The run method on AcceptorImpl is run in a LoggingThread instance (see 
AcceptorImpl.start()). So any exceptions thrown by AcceptorImpl.run() will be 
logged as a fatal log message containing ""Uncaught exception in thread" by the 
LoggingThread. You can see the code that does this in 
LoggingUncaughtExceptionHandler.

Also the AcceptorImpl.run() method I see has a finally block in which it closes 
"serverSocket" if it is not null. It is on this close call that it catches and 
ignores IOException.
I think you may be talking about AcceptorImpl.ClientQueueInitializerTask.run(). 
This run is called from an executor which is created in 
initializeClientQueueInitializerThreadPool.
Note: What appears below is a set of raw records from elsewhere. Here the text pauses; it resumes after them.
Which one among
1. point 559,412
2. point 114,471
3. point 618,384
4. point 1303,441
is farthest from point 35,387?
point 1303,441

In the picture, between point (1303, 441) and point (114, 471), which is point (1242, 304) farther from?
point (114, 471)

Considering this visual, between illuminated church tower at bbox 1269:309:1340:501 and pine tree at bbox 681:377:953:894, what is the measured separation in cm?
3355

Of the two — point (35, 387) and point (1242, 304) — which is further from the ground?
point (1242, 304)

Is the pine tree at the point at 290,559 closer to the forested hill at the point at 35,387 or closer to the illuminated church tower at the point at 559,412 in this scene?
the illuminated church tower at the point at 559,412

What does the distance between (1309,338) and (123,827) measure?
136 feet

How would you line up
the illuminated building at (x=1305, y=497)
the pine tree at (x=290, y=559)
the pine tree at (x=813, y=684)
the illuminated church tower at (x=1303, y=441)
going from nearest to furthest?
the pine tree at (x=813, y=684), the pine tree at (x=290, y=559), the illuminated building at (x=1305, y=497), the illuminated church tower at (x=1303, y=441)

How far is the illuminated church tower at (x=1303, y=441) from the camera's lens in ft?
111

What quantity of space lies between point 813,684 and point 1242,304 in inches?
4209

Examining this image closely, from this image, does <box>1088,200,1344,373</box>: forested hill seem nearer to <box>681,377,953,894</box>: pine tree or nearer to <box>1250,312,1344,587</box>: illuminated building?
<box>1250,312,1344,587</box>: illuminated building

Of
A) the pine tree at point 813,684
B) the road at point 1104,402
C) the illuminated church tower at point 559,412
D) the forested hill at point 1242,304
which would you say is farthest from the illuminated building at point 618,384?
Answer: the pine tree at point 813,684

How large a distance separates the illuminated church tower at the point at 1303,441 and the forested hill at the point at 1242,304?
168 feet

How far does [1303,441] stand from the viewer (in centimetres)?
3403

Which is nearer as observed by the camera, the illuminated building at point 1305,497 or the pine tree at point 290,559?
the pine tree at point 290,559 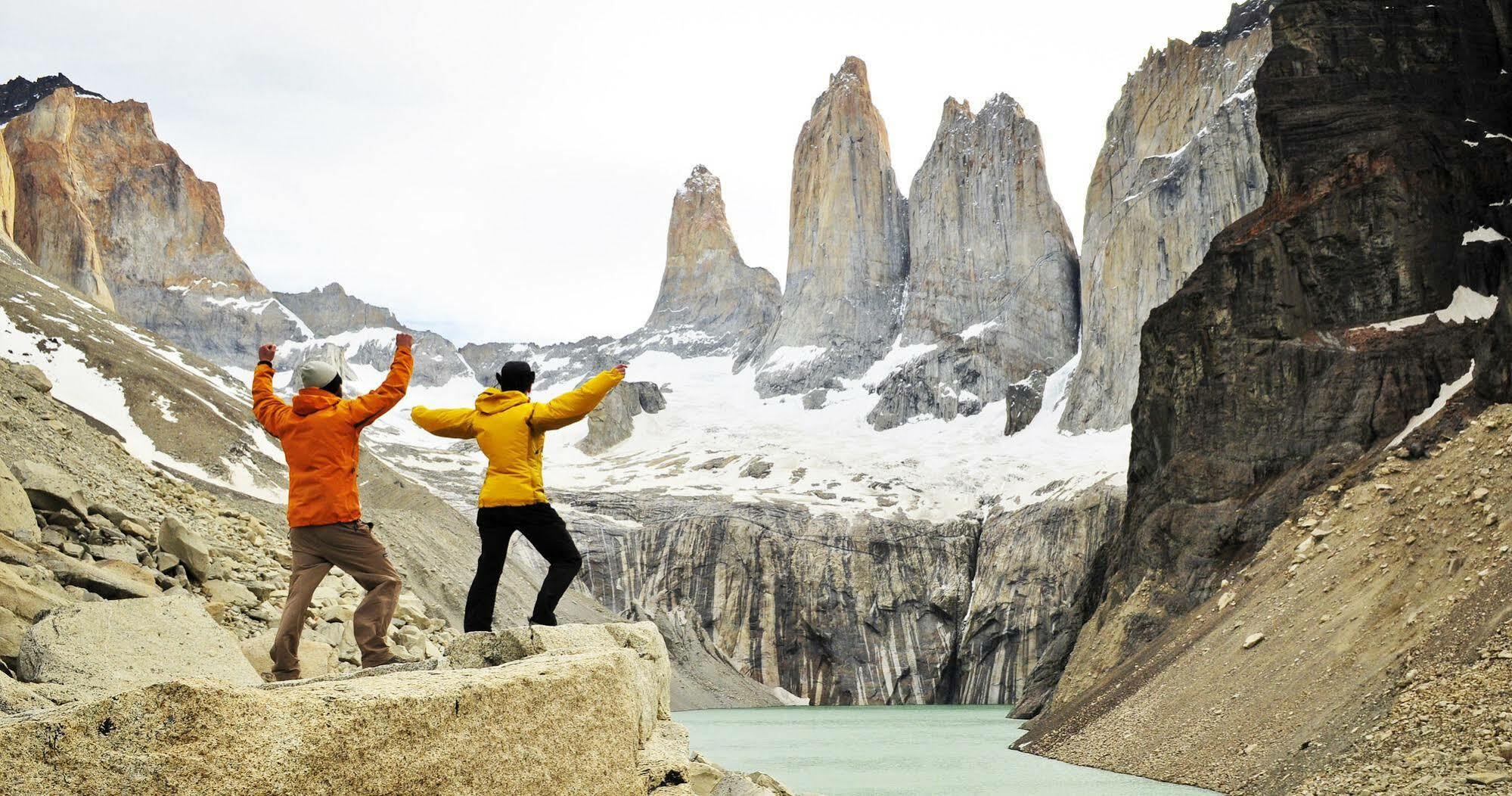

It uses CoreLoggingExecutors so 
once again any unhandled exception should be logged as a fatal log msg in the 
server log.
________________________________
From: Leon Finker <leon...@gmail.com>
Sent: Wednesday, November 10, 2021 10:01 AM
To: dev@geode.apache.org <dev@geode.apache.org>
Subject: Failed durable client connection initialization can sometimes leak 
client socket handle?

Hi,

In AcceptorImpl.run, the accepted client socket seems to only be
closed when there is IOException. I can't prove it, but I think there
can sometimes be non IO exception here as well and then the client
socket will not be closed? Also, can we please add a catch for other
kinds of exceptions and at least log them as errors?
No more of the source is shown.